1234567812345678 % 1000000 keep only least sig 6 digits (1e6 divisor) 345678/ 1000 throw away least sig 3 digits (1e3 divisor) 345
This isn't the only possible way, though. When you have more than two digit group extractions, there are generally more than one way to perform them. This extraction could have also been done as:
middle_group = whole_code / 1000 % 1000;
Here we first throw away the 3 least significant digits before keeping only the 3 least significant digits of what remains.
12345678 12345678/ 1000 throw away least sig 3 digits (1e3 divisor)12345 % 1000 keep only least sig 3 digits (1e3 divisor) 345
So, in order to keep the n
least
significant digits of a base 10 number, use modulo with a
divisor of 1en
(as an integer!).
To throw away the n
least significant
digits of a base 10 number, use integer division with a
divisor of 1en
(as an integer!).
(If you are dealing with a different base, use the
n
th power of your base as the
divisor. 'keep' is still modulo and 'throw away' is still
integer division.)
Recalling that the integer types have these properties:
Max (signed) | Max (unsigned) | |
---|---|---|
short | 32767 | 65535 |
long | 2147483647 | 4294967295 |
We see that a short integer can store any 4-digit number completely. It can also store about 30% of the 5-digit numbers when signed or a little over 60% of them when unsigned. For long integers it can store all 9-digit numbers. When signed, it can hold about 20% of the 10-digit numbers as compared to 40% when unsigned.
Recalling that the discrete types have these properties:
Bits | Bytes | |
---|---|---|
bool | 32 | 4 |
char | 8 | 1 |
short | 16 | 2 |
long | 32 | 4 |
We see that to store a multi-grouped number will take quite a bit of storage if done as individual character digits -- one byte for each digit plus one for each group seperator.
Storing as one short integer per group is slightly better: 2 bytes for each group. But storing as a single long integer is best: 4 bytes and that's it.
Let's look at a couple of examples:
Digit Sequence | Stored as | ||
---|---|---|---|
chars | shorts | a long | |
(in bytes) | |||
123-4567 | 8 | 4 | 4 |
12-345-678 | 10 | 6 | 4 |
123-456-789 | 11 | 6 | 4 |
123-456789 | 10 | N/A | 4 |
All of this assumes that your numbers (or even groups) can fit as a single whole number, of course. What if it can't? (Note how the last example can't be stored as a pair of short integers.) We can still minimize it a bit:
1234-567890 short+long 2+4=6 bytes 123-456-7890 3*short 3*2=6 bytes or long+short 4+2=6 bytes
The first two are fairly self-explanatory, but what about that last one?! Two groups are combined into a single long integer. Hey...come to think of it, we were doing even three groups combined into a single long integer above. We've seen how to break a long integer into smaller groups, but how do we combine these groups for storage?

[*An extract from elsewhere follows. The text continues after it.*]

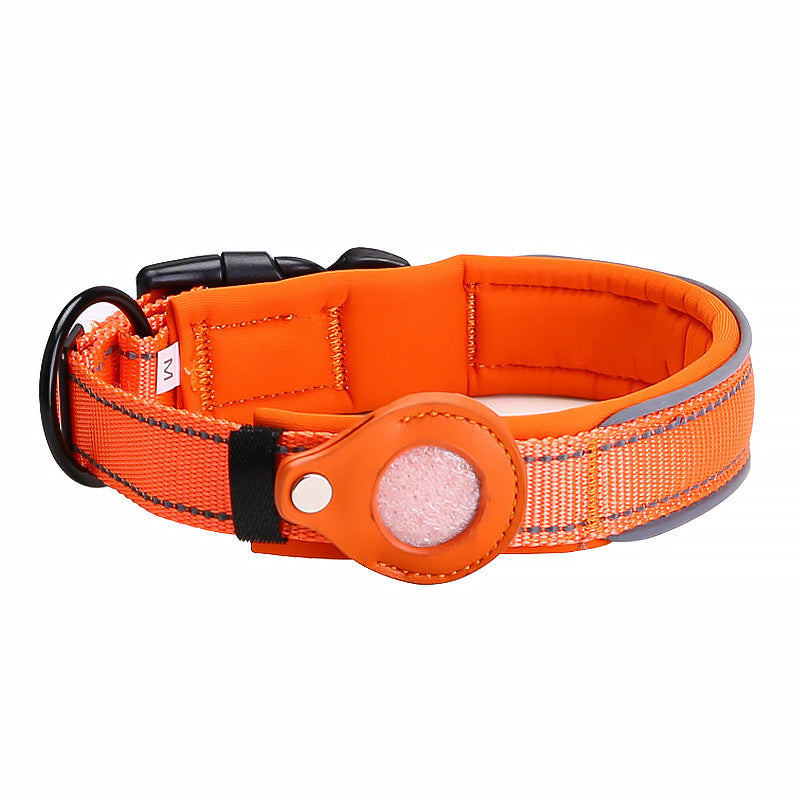 Convenient Tracker Pet Special Collar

To combine the 123-456 into a single long integer for storage, simply multiply the first group by 1e3 (3 being the number of digits in the second group) and add the second group:
123 * 1000 + 456 // gives 123456..?
Be careful, though. When the compiler sees this exactly, it won't give the correct result. Instead you'll get -7616. (Well, it depends on the compiler, really, but traditionally it would be this.) Why? When you multiply the 123 (short) by 1000, you'd like to get 123000. Instead you get -8072 (123000 crammed into a short). To avoid this possibility and make sure it will work, simply make your 1000 a long integer literal:
123 * 1000L + 456 // gives 123456
or constant:
const long dig_shift_3 = 1000; 123 * dig_shift_3 + 456 // gives 123456
(Note: the L after the literal 1000 makes it a Long integer. You are allowed to use lower case l, but this is MUCH harder to read and is severely frowned upon!)